**GIVEN DATA**
↓

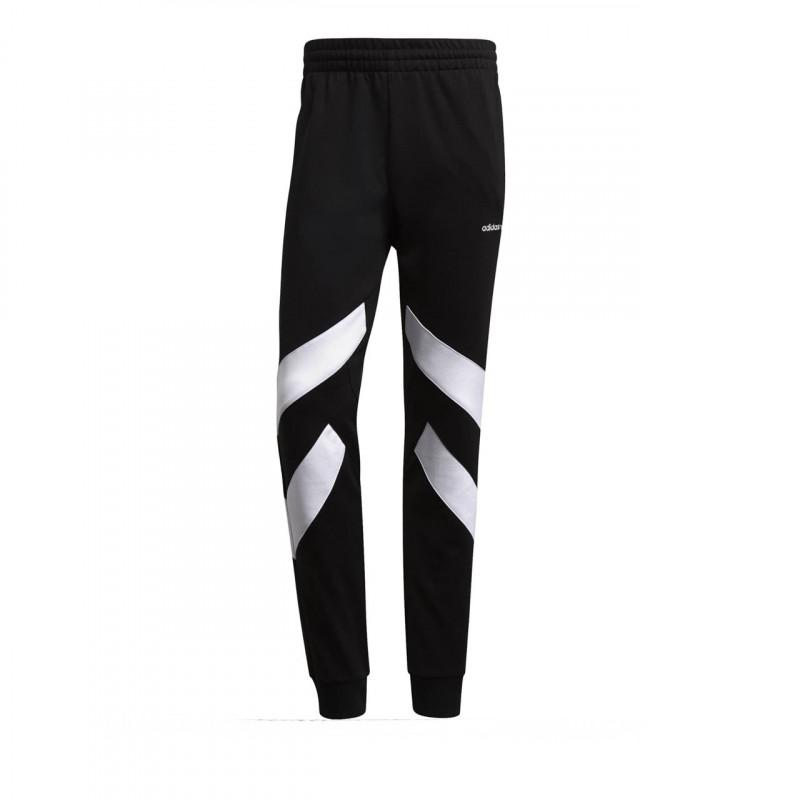 Pantalons De Survãƒâªtement Adidas Originals Palmeston Track Pant - Noir - Homme VETEMENT Adidas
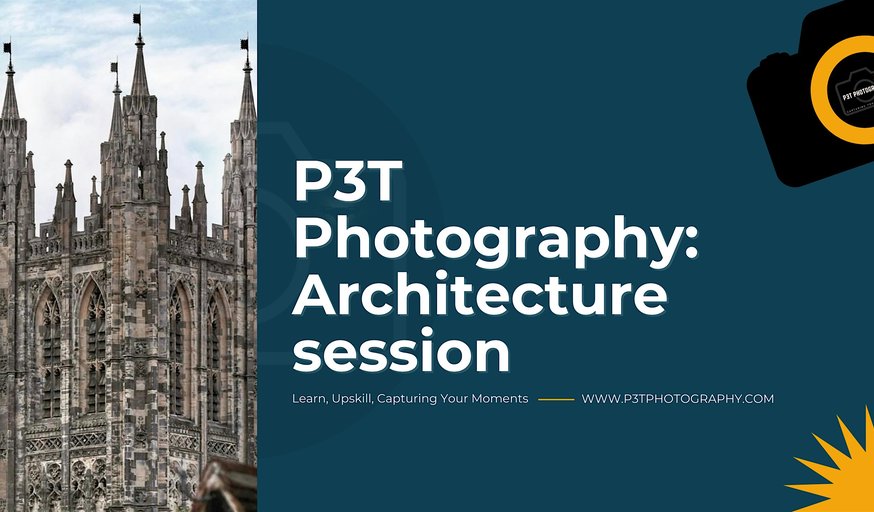 Architecture Photography - Canterbury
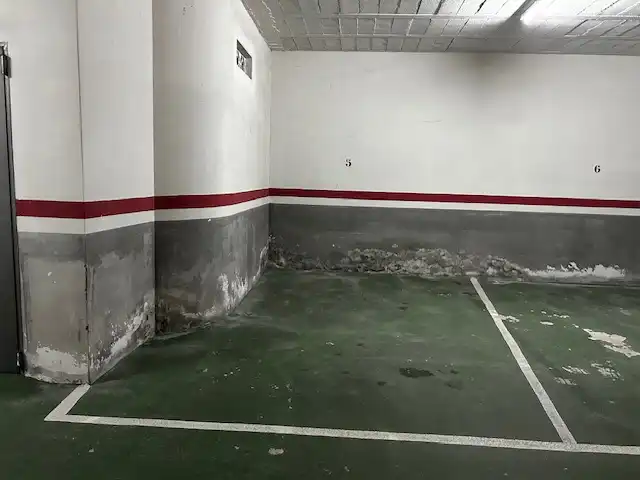 Parking de Apartamento en venta en Sanxenxo con Terraza, Trastero y Amueblado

↑

**WORK REQUIRED**
An exact transcription of the data above is needed, without the pictures.

**SOLUTION TO THIS TASK**
 Pantalons De Survãƒâªtement Adidas Originals Palmeston Track Pant - Noir - Homme VETEMENT Adidas
 Architecture Photography - Canterbury
 Parking de Apartamento en venta en Sanxenxo con Terraza, Trastero y Amueblado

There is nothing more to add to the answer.